The St James survey in Trinidad used concordance of grandparents' national origin to ascribe ethnicity.20,21 While accurately reflecting individual origins, it is rigid, ignores current lifestyle or self perception, and yielded a large heterogeneous “mixed” group (people with fewer than three grandparents from the same country).

Hazuda et al identified Mexican Americans of Spanish origin by means of a complex algorithm that incorporated father's surname, mother's maiden name, place of birth, self assessed ethnic identity, and stated ethnicity of grandparents.22 The method was valid in reflecting both common origin and current identification but required a lot of data.

Names analysis has been used to identify people with origins in the Indian subcontinent in several studies.*RF 23-26* South Asian names are distinctive and often indicate religion,27 and endogamy is the norm.28 This simple method has been confirmed to be sensitive and specific27,29 and permits both prospective sampling and retrospective studies.
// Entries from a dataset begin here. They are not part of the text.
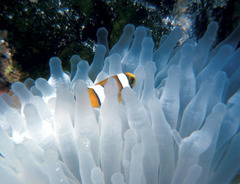Amphiprion tricinctus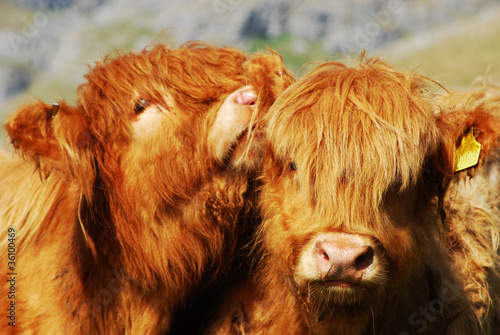 Photo: Farm cows Farm cows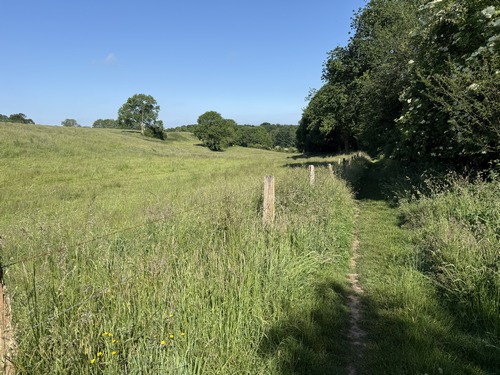 Au sommet, nous ne résistons pas au plaisir de suivre ce sentier ombragé qui contourne la ferme de la Caillette.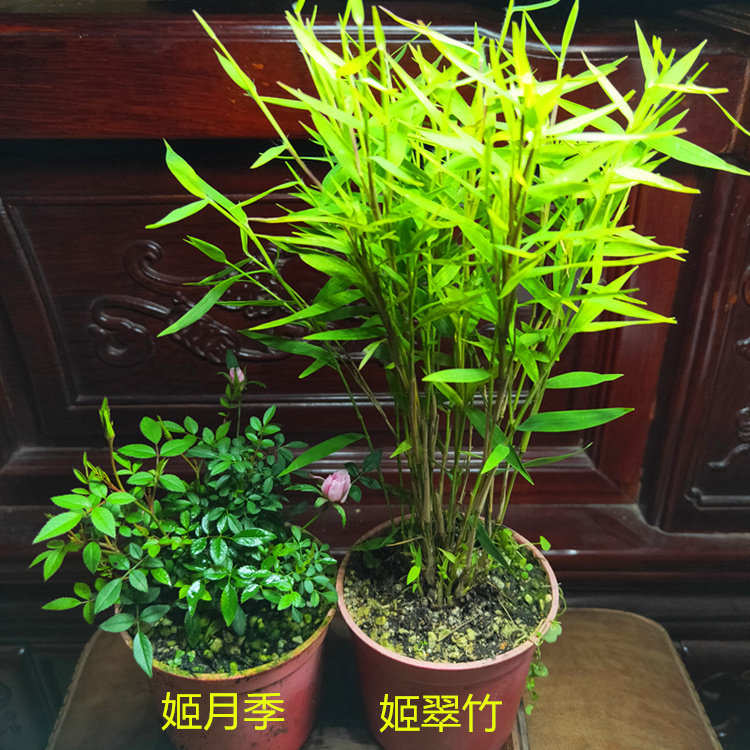 姬翠竹虎斑竹观赏竹小玉山竹微型盆景菖蒲草苗花卉盆栽室内小绿植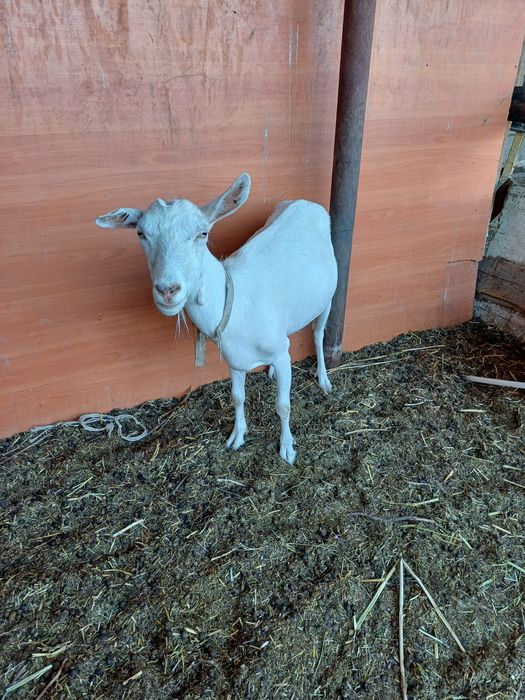 Срочно.  Сутти ешкилер сатылады.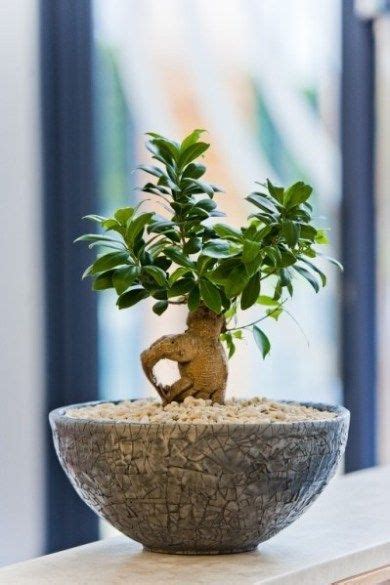 Per Entrare Nel Mondo Del Bonsai Il Ficus Ginseng Guida Giardino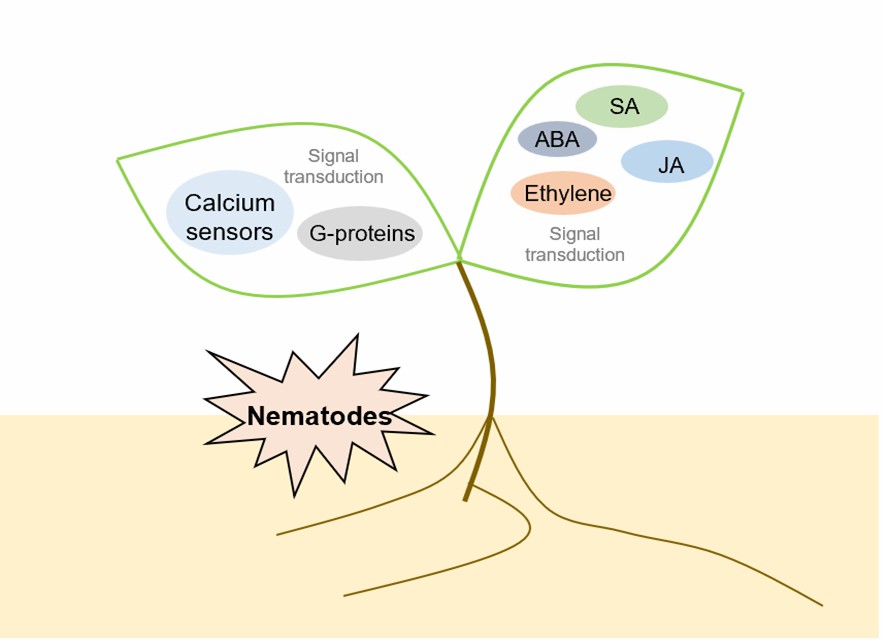 Plant hormone signaling crosstalk in response of nematodes.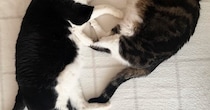 仲良くいっしょに眠っていた2匹の猫→『おてて』を見たら…思わず撮影した『尊い瞬間』に「きゃわいい」「フュージョンかな」の声
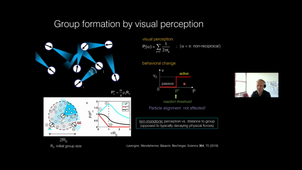 Investigation of collective states using programmable active matter - Clemens Bechingers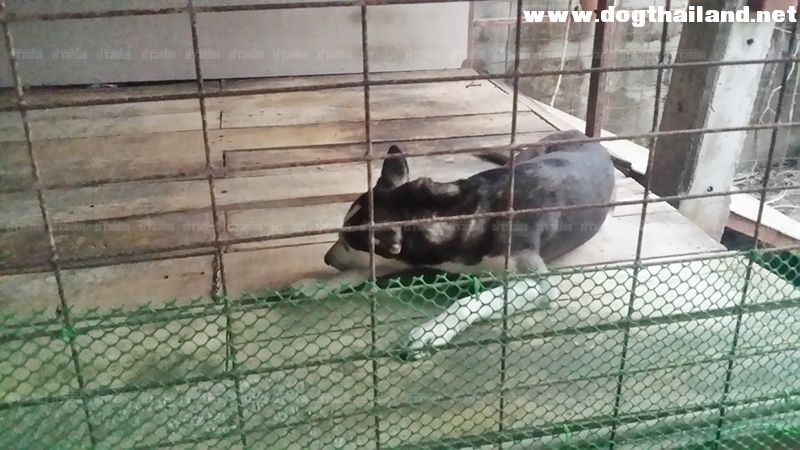 จับได้แล้ว"เจ้าวอก" จ่าฝูงหมาปีศาจ ปศุสัตว์เป่าลูกดอกยาสลบ มอบหญิงใจบุญรับไปเลี้ยงดู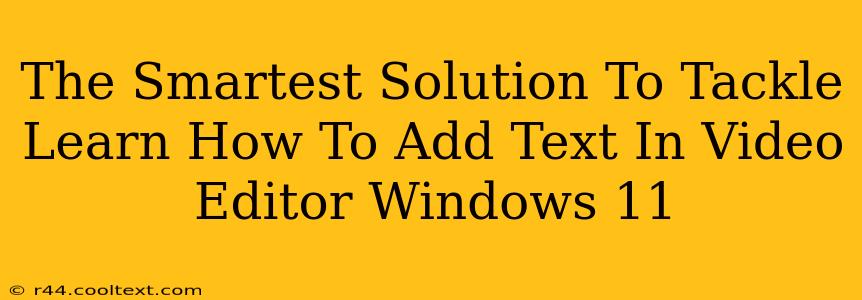 The Smartest Solution To Tackle Learn How To Add Text In Video Editor Windows 11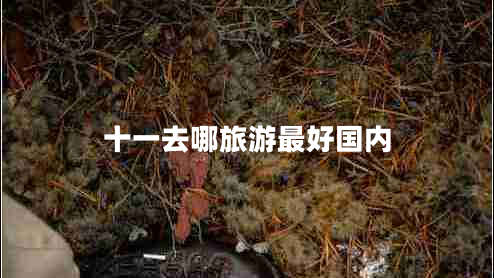 十一去哪旅游最好國內(nèi)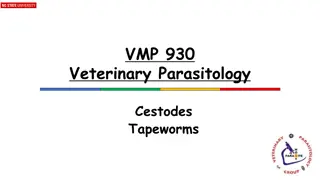 Understanding Tapeworms in Veterinary Parasitology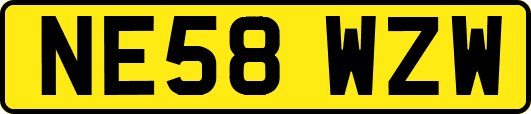 NE58WZW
However, south Asian Christians share names with white populations,27 and exogamy does occur.28 If exogamy increases, as anticipated,28 the method's discriminatory ability may decline, and the method's validity may not extend to other ethnic groups.27

Health has emphasised the emerging view that ethnicity is fundamentally a matter of self perception.30 Voluntary self classified ethnicity is acceptable31 (and this principle guided the classification used in the 1991 census) and has been advocated by the Council for Racial Equality. The concept will guide the introduction of ethnic monitoring in the NHS.31 However, self assessed ethnicity is changeable over short periods and is not subject to the control of the investigator, characteristics that are counter to the principles of scientific measurement.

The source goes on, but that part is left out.